Regex to match HTML tags
25 Feb 2005
in the wee hours
Matt Winckler
I am aware that regular expressions are singularly cumbersome when using them on nested data such as HTML tags. However, when I started out working on this problem I was under the impression it would be even more cumbersome to either write my own parser or install a parser (HTML Tidy looked particularly nice) on the server I do not own. Add to this the fact that I refuse to incorporate GPL‘d code into this project (filthy communists), and I am left needing a solution that won’t take me weeks to write. I thought regular expressions were the answer. I still think so, though they have taken more time than I initially thought they would.
All I wanted to do was ensure that any open HTML tags were closed properly when summarizing entries for the front page.
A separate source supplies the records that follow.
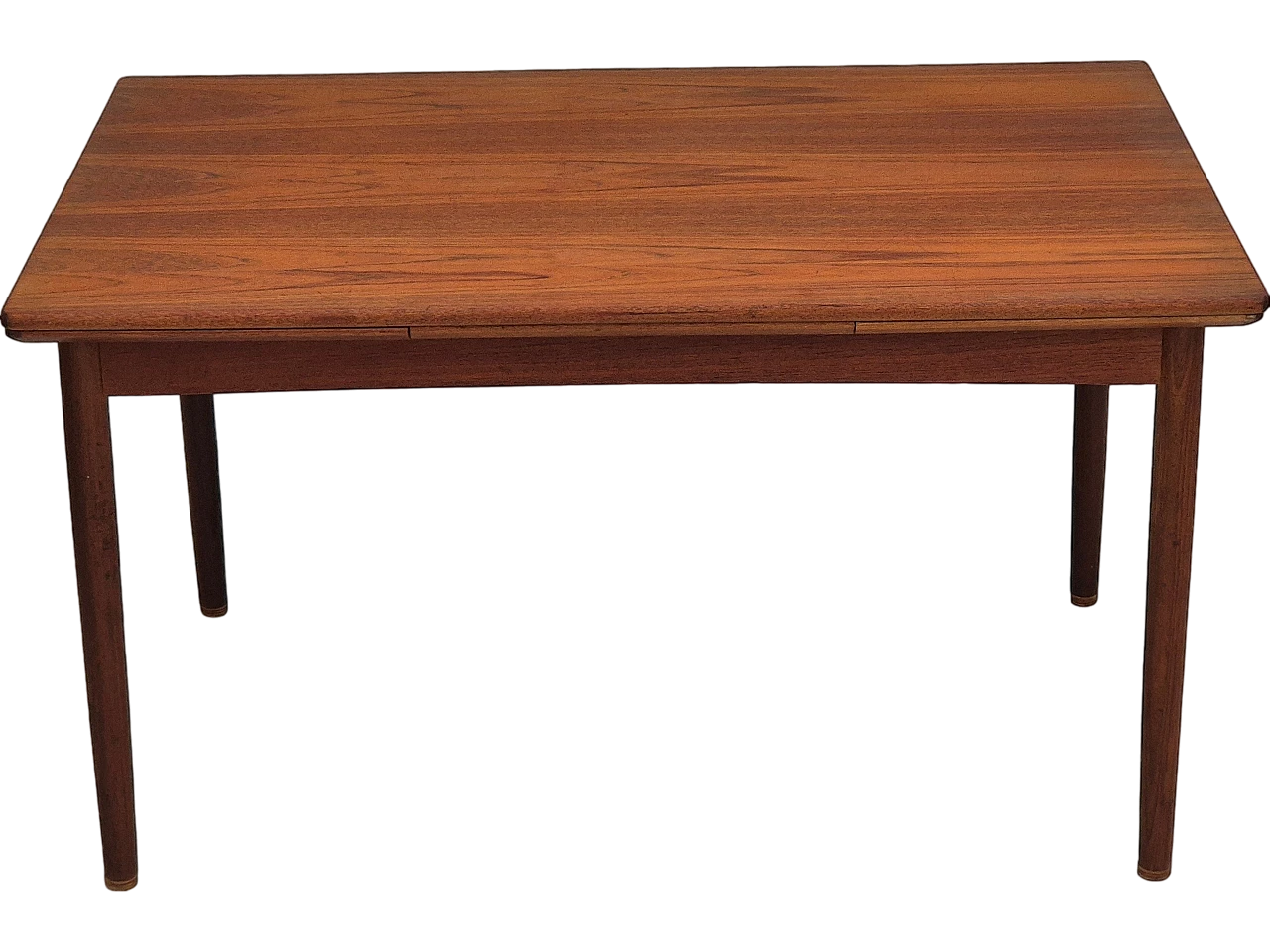 Danish foldable dining table teak, 1970s 19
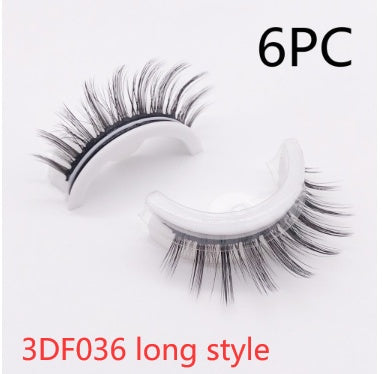Reusable 3D Mink Lashes Natural False Eyelashes Self Adhesive Fake Glue Free Makeup Eyelash Extension Silk by Mirlaine Univers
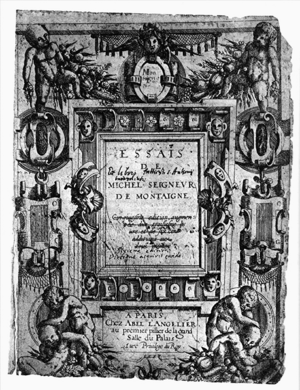 Essais Titelblatt (1588)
Over the past several months I have discovered time and time again that my regexes for finding open tags were flawed in some way. I’m still no PCRE master, but I think maybe I’ve finally got some working ones.
To find open tags, I use /(<\w+)(\s*[^>]*)(>)/. Parsing this out: first it looks for (<\w+), an opening bracket followed by a “word” character (anything legal in a Perl variable name, i.e. numbers, letters, and underscores) repeated 1 or more times. Following that, there can be any amount of whitespace (\s*), followed by any character that’s not a closing bracket (repeated zero or more times: [^>]*). Lastly there must be a closing bracket: (>).
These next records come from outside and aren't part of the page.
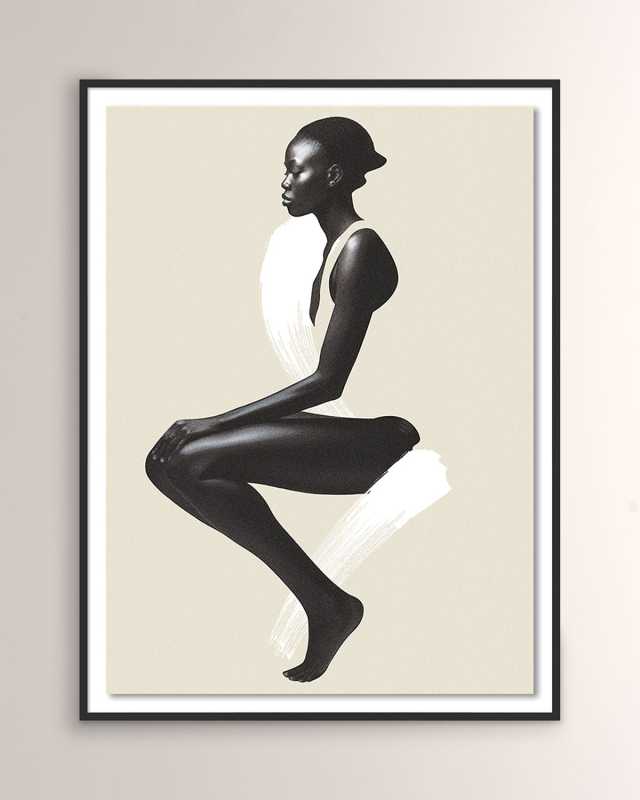 "Dancing I" Framed Giclee by Coup D'Esprit
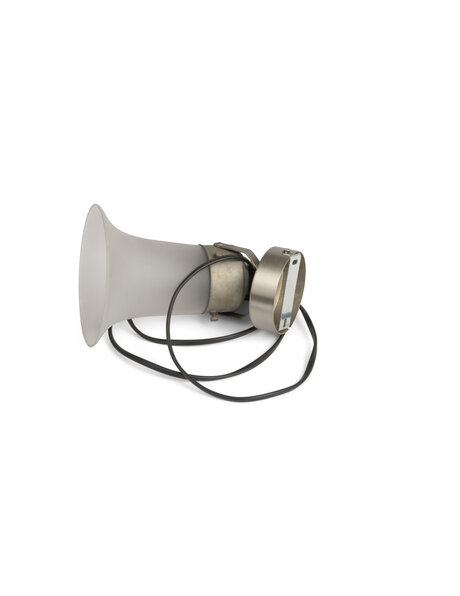 wandlamp, industrieel model, chroom met glas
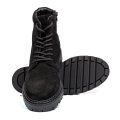 GHETE NEGRE PIELE NATURALA INTOARSA MVEH589H07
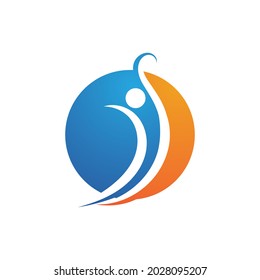 Human character logo sign illustration vector design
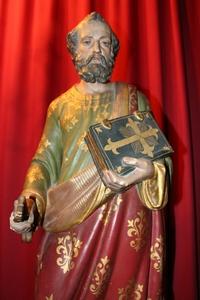 St. Peter en PLASTER POLYCHROME, France 19th century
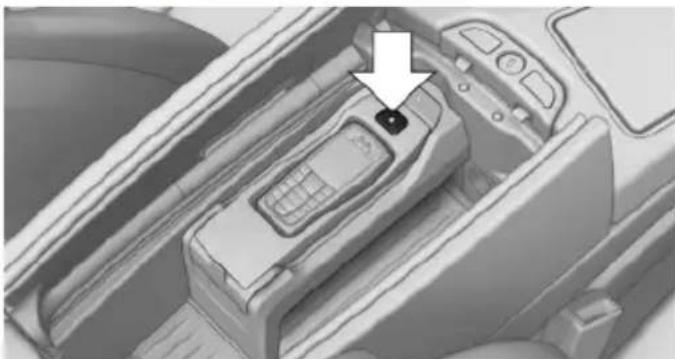 BMW 650i xDrive Coupe (2012) - Removing the mobile phone - 1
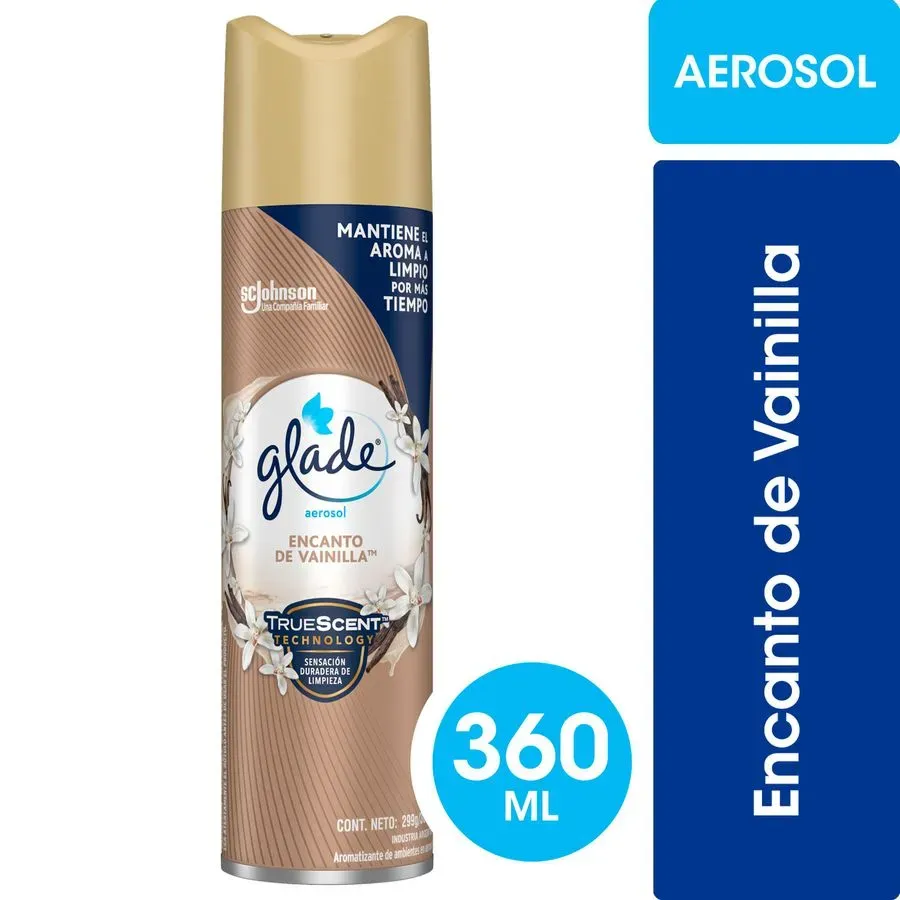 Desodorante Ambiental Glade Aerosol Vainilla 360 ml. 1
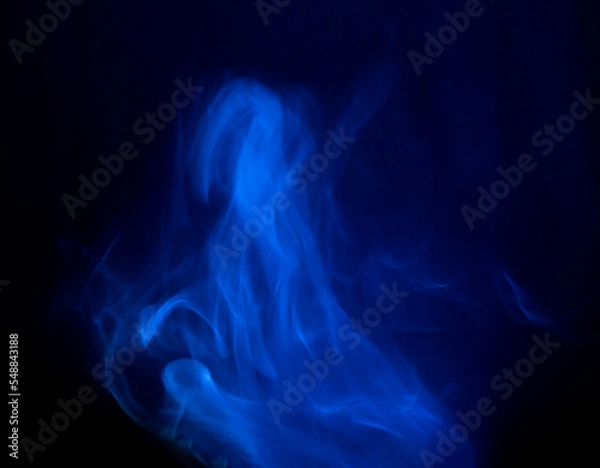 Obraz blue incense smoke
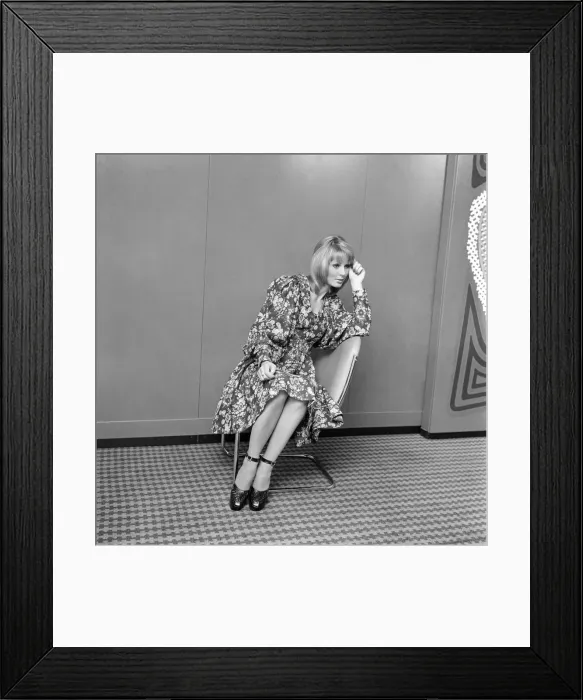 Framed Print : Miss World, Belinda Green during a fashion shoot for the Evening Chronicle on a visit to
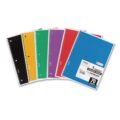 Mead Spiral Notebook, 6 Pack, 1 Subject, College Ruled Paper, 7-1/2″ x 10-1/2″, 70 Sheets per Notebook, Colors Will Vary (830062-ECM25) by Mead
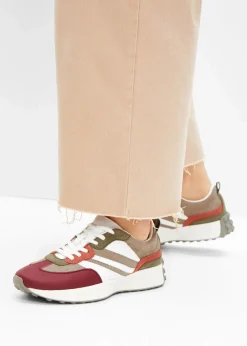 bonprix Sneaker^Sneaker weiß/graubeige/multi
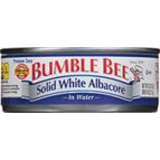 Tuna, in Water, Albacore, Solid White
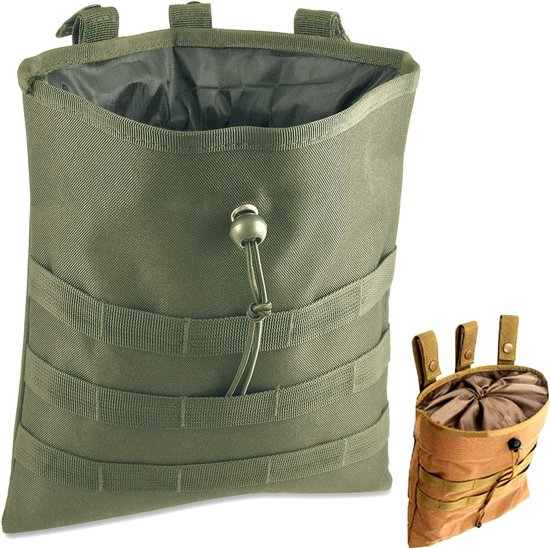 Molle Systeem Tactische Molle Dump Magazine Pouch Hunting Recovery Bag Drop Pouch Militaire Accessoires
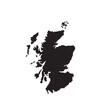 © Binuaji - Sleek silhouette of Scotland offers modern simplicity for travel guides, branding, or educational materials showcasing Scottish pride and heritage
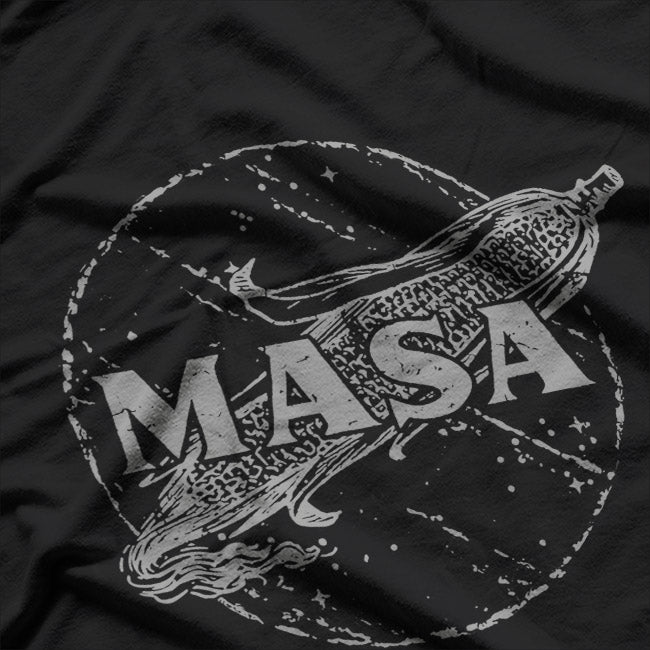 MASA Corn Tortilla Tamale Funny Mexican Food T-Shirt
To find closed tags, I use /(<\/\w+>)/. This is simpler: all we want to find is an opening bracket followed by a stroke and one or more word characters with a closing bracket on the end.
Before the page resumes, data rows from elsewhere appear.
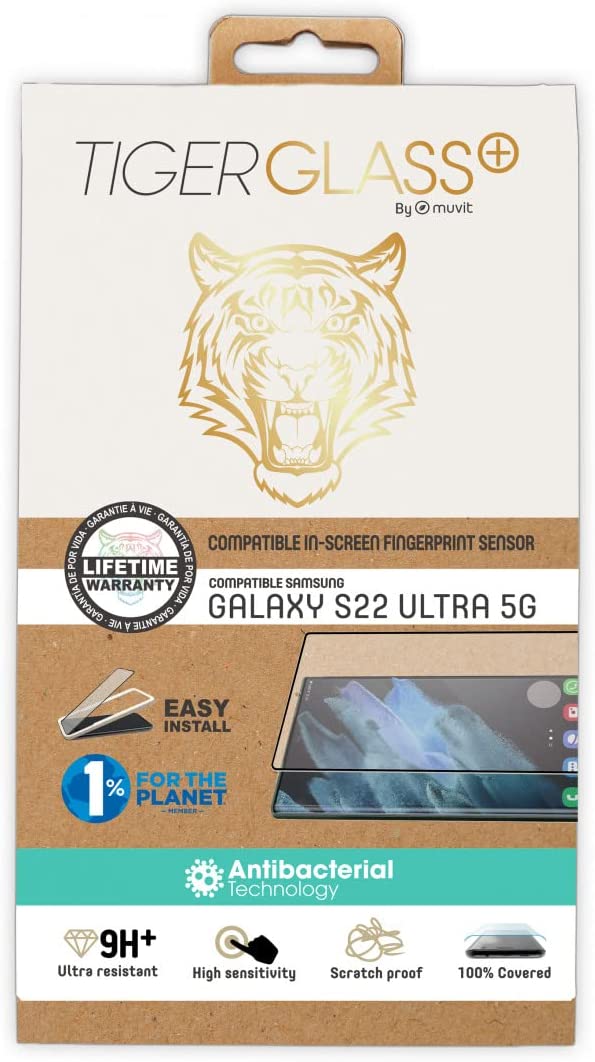 Protection d'écran en verre trempé antibactérien pour Samsung Galaxy S22  Ultra 5G TigerGlass Transparent - Fnac.ch - Protection d'écran pour  smartphone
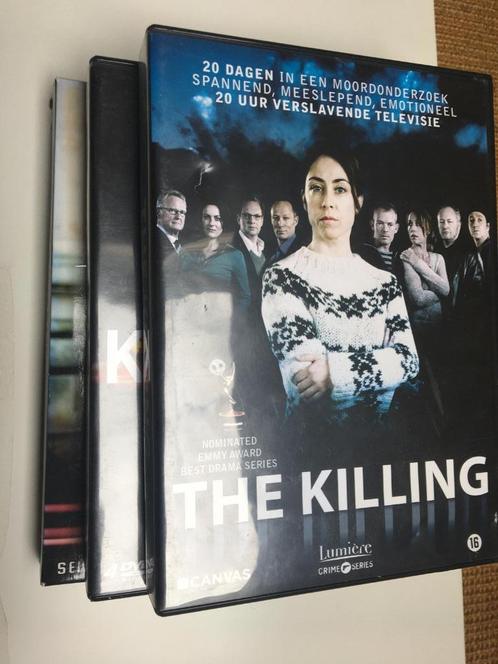 The Killing (serie - 3 seizoenen), CD & DVD, DVD | TV & Séries télévisées, Utilisé, Thriller, Coffret, À partir de 16 ans, Enlèvement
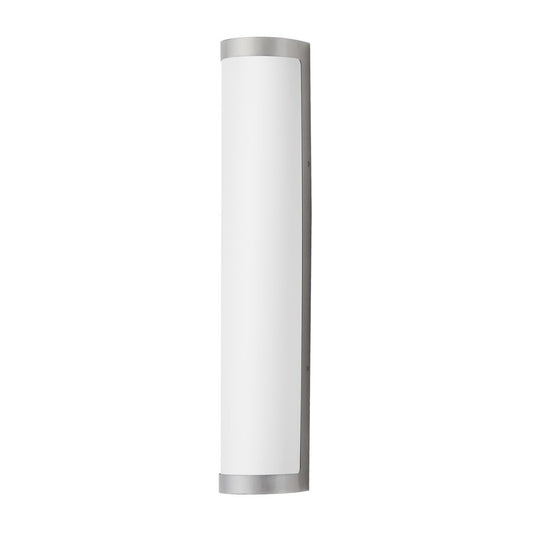 Maxim Lighting Halfpipe 2Lt 26" Outdoor Wall Mount, Aluminum/White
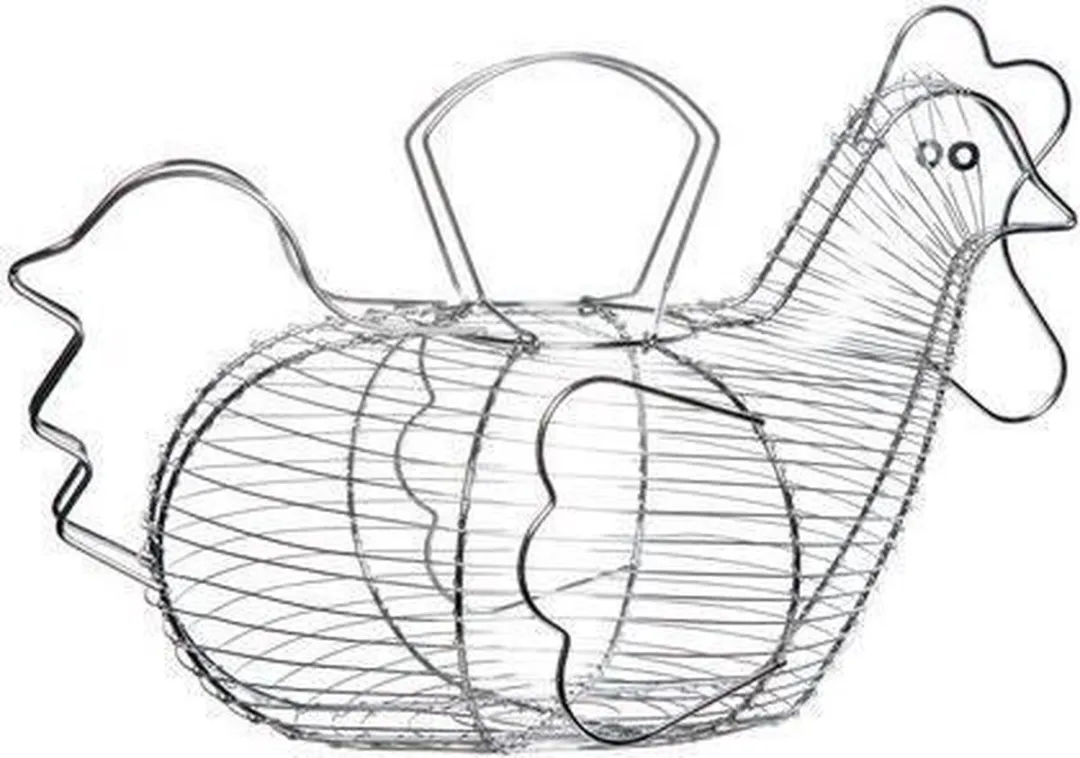 Cosy&Trendy Wire Eiermand 788168 - 43x27,5cm - Titanium grijs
Once I have all open tags and closed tags, I compare the arrays, knocking off an open tag for each matching closed tag. The open tags remaining after that are naturally the ones that need to be closed, so I tack on a closing tag for them in the reverse order that they were found (to maintain HTML’s nesting), and I’m done.
In theory, this works pretty well. For most cases, it works great. However, over the past few months I’ve discovered strange exceptions here and there that force a revision of the open tag regex. This is its current version in the hopes it will be useful to somebody, but it may yet change as I discover new cases I have not previously thought of.